The doctors told his parents he would lose his arm, but that prognosis was wisely kept from him. He was young and resilient, and went on to regain limited use of his arm. “All I was focused on was getting back to riding and as soon as I could, I did,” he says.
“I learned to compensate. I did everything as a kid – athletics, rugby, mountain biking, BMX, road cycling and the velodrome. After my accident, I went more towards the velodrome than the road. In terms of an injury to get in a certain sport, I was lucky with bike riding.”
Mr Donohoe’s father passed away in 2006 and his mother, with five children to raise, moved to Melbourne in 2010 to be near family. There, Mr Donohoe completed school and took advantage of the more competitive cycling scene.
“Mum’s an absolute legend to be able to get through all that,” he says. “I’m the youngest of five kids and how she raised most of us on her own is just phenomenal.
“I probably got her mental resilience and drive. I’m sure she has a truckload. When she came to watch me in Rio, we had some pretty emotional moments and it was absolutely phenomenal to have her there and to dedicate some of my wins to my dad.”
It was during the 2016 Rio Paralympics that Mr Donohoe was famously knocked off his bike when Ukraine’s Yehor Dementyev collided with him as they sprinted towards the finish line of the 84-kilometre C4-5 road race, effectively robbing Mr Donohoe of possible gold.
“He got disqualified,” says Mr Donohoe. “They couldn’t really reward me with the win. It was literally 20 metres before a gold medal.”
While it was a devastating disappointment, Mr Donohoe looks back on the incident with a sense of humour. “It was a reverse Steve Bradbury,” he laughs.
“It’s sport and you go with it. You win some, you lose some. You can’t really control those things. That really put the hunger in the belly for Tokyo and left something unfinished for me. In terms of the Paralympics, coming away with two silver but not getting gold was tough.”
But Mr Donohoe, now 24, finally closed that chapter of his life recently when he beat Mr Dementyev at the 2019 UCI Para-Cycling Track World Championships in the Netherlands, winning two gold medals in the Men’s Individual Pursuit C5 and Men’s Scratch Race C5, shaving six seconds of his personal best time.
“It blew my expectations out of the water,” he says. “That’s the time I did before Rio and with the focus I’ve had on the road side of things, I haven’t been able to ride that quick for a few years and I didn’t think I was there yet.”

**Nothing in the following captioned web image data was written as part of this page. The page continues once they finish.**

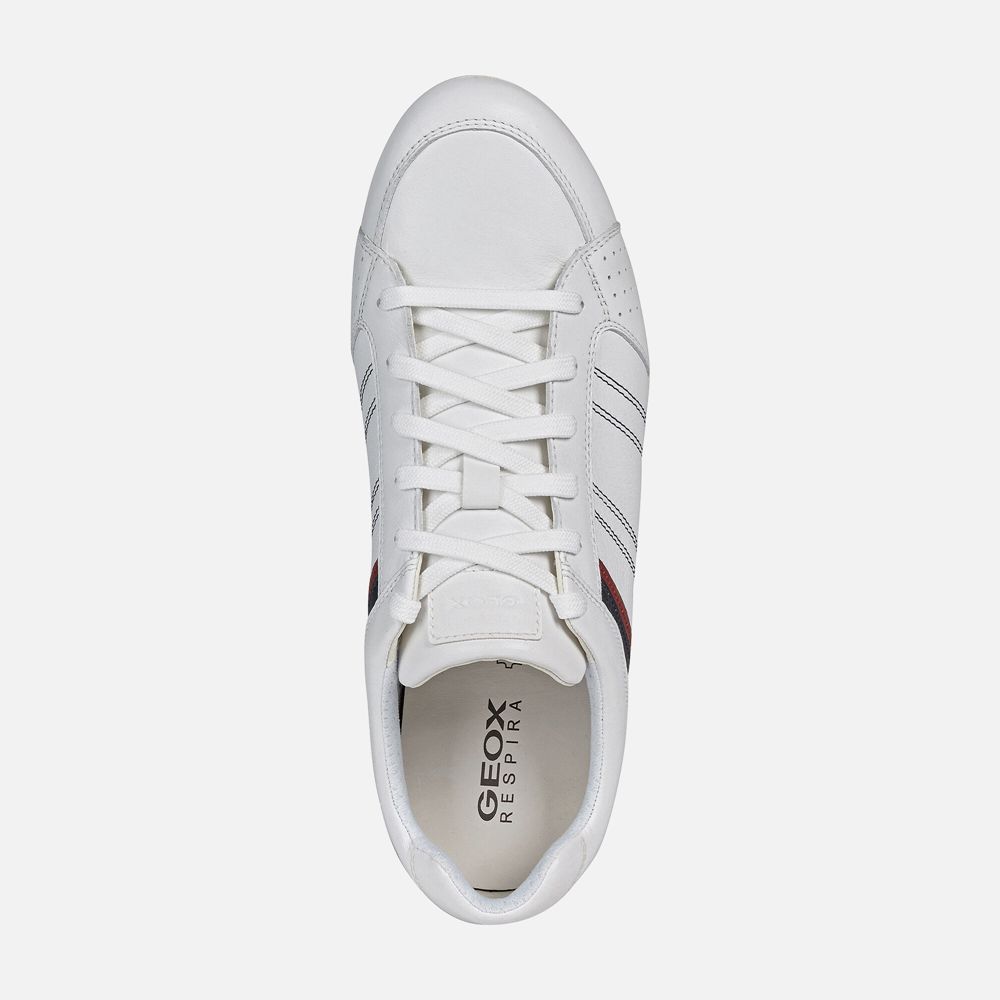 Tenis Geox Homem Branco - Wells - EPJDV5280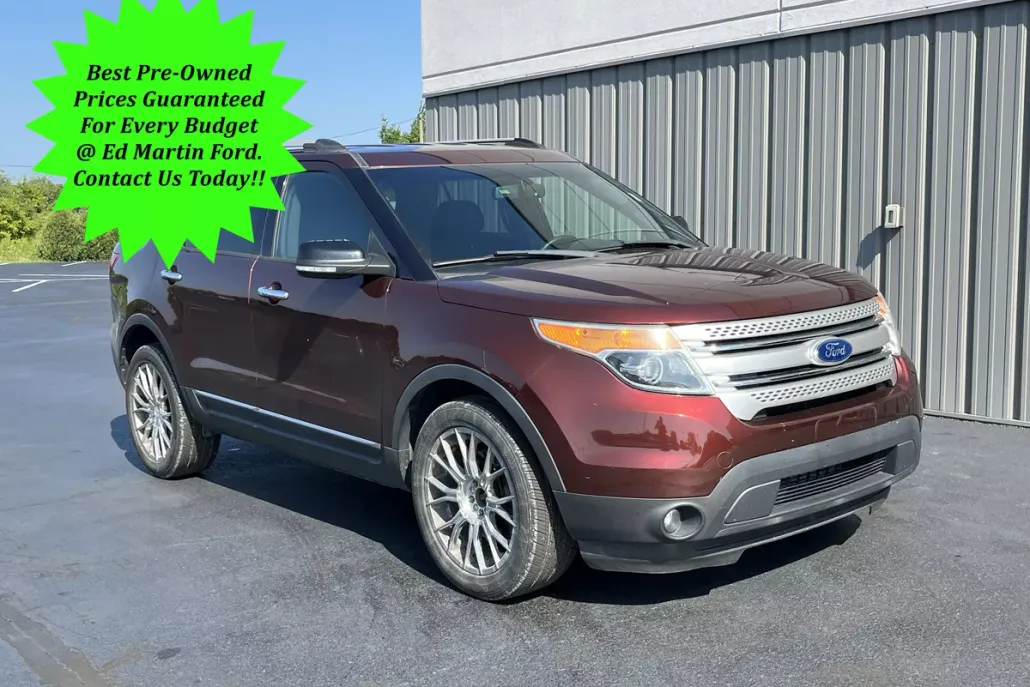 2015 Ford Explorer XLT photo 1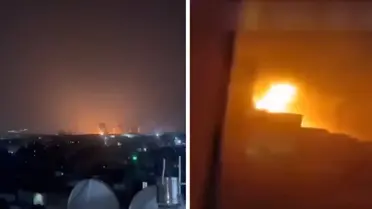 ABD Ordusu'ndan Yemen'e hava saldırısı! Başkanette şiddetli patlamalar meydana geldi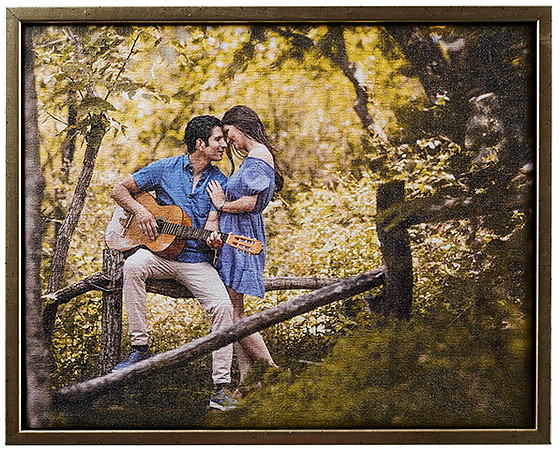 Fotografía  impresa en Canvas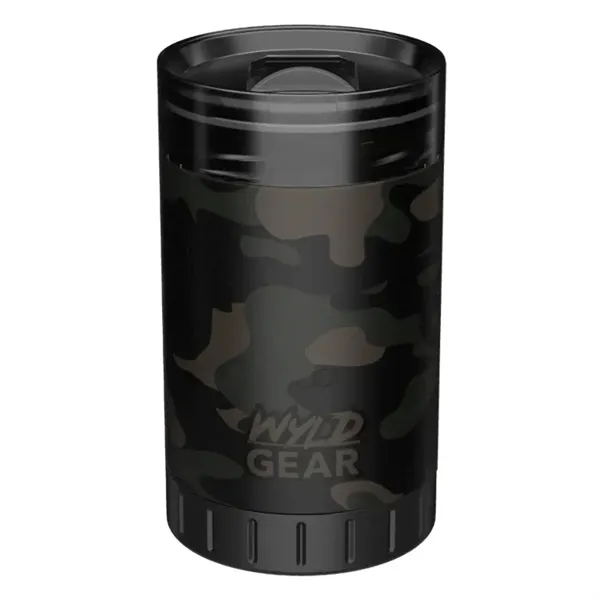 Fits Most Bottles,Durable Matte Coating,Bottle Opener,Copper Coated Core,Non-slip rubber bottom,Sip lid,18/8... from ASI 72657 Active Life Promo / Apres Ski Active Life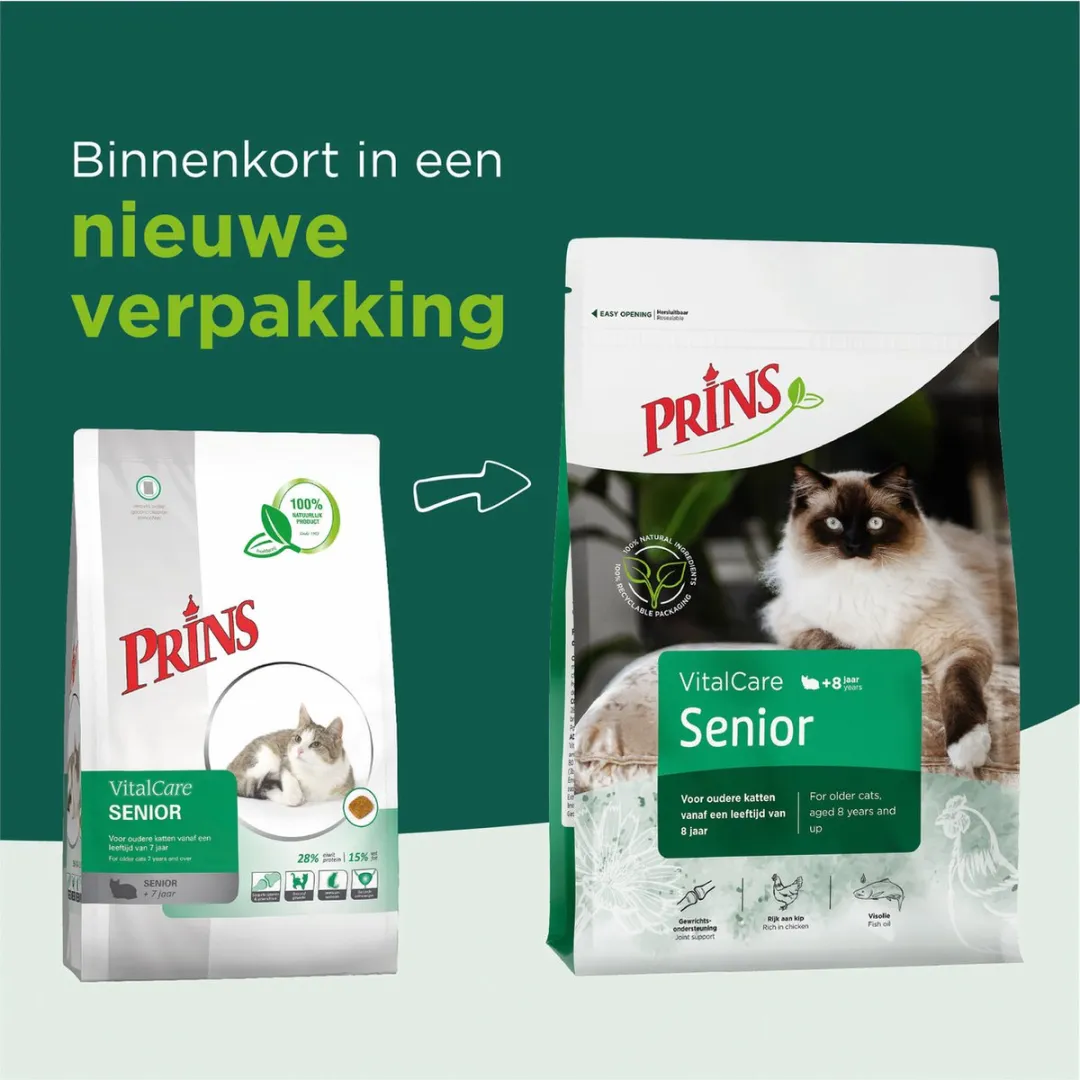 Prins VitalCare Senior 4kg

As a member of the Australian Cycling Academy’s Pro Racing Sunshine Coast team, based at the University of the Sunshine Coast, he’s spending a few weeks on the Coast training in preparation for the Tour de Langkawi in late March.
“Pro Racing Sunshine Coast has the best interests of the riders at heart,” he says. “Cycling is a pretty cutthroat sport where quite often you find yourself a little bit used in the interests of the team. If the start of this year is anything to go by, being with them has made a huge impact. Having them in your corner and their advice goes a really long way.”
Mr Donohoe has been enjoying the stunning Sunshine Coast scenery on his daily training rides, completing rides of between 100 and 160 kilometres six days a week.
“This is what I’m loving about the Sunshine Coast,” he says. “There are so many new areas for me to explore. I rode to Noosa and back through Eumundi and the hinterland one day and up to Montville on another day.
“I’m doing lots of bunch rides with up to 50 people, which makes it a pretty exciting training environment. It’s a bit more motivating. There are a lot of older guys and younger guys and a lot of them are quite fast. It’s a really nice atmosphere.”
After Langkawi, he’ll spend five months racing and training in Europe, all with one major goal in mind: gold at the 2020 Tokyo Olympics. “The goal is to become a professional cyclist, but at the moment my focus is pretty homed in on Tokyo.”
Let’s hope the Olympic gold that had his name written all over it in Rio will finally hang around his neck in Tokyo, right beside the right arm that he has never allowed to hold him back.